- _Task item_
Reproduce the whole listing that follows, character for character, and drop the images.
── Data segment
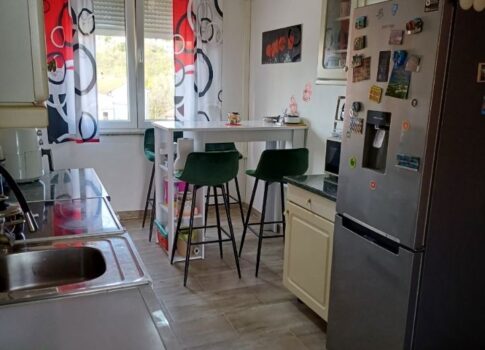 RIJEKA, HOSTI - 3BR+LR tengerre néző kilátással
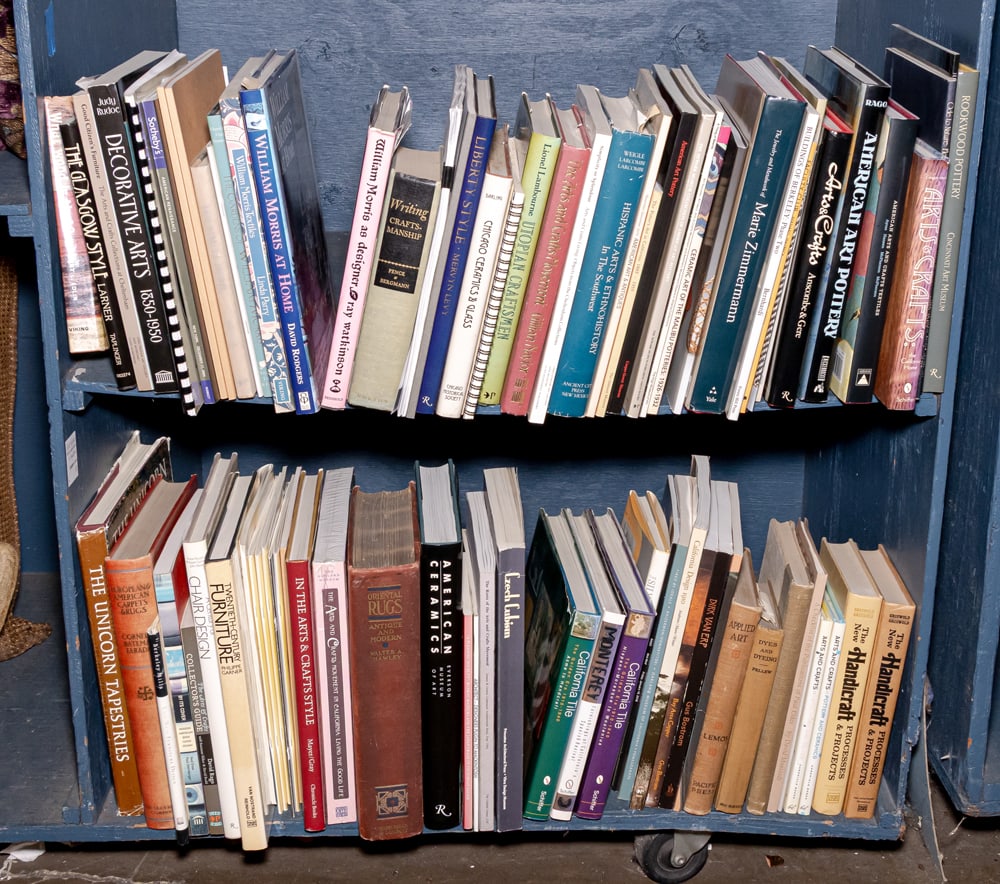 An assembled group of books on the history of Western art: An assembled group of books on the history of Western art, consisting of titles on the topics of arts and crafts, ceramic arts, furniture and home decor, etc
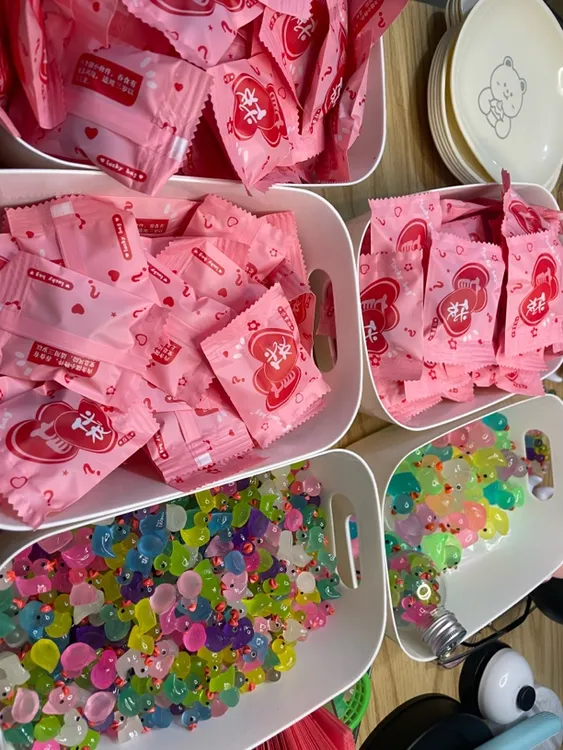 夜光小鸭子盲袋拍一发十随机颜色一袋5只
────
- _Response_
 RIJEKA, HOSTI - 3BR+LR tengerre néző kilátással
 An assembled group of books on the history of Western art: An assembled group of books on the history of Western art, consisting of titles on the topics of arts and crafts, ceramic arts, furniture and home decor, etc
 夜光小鸭子盲袋拍一发十随机颜色一袋5只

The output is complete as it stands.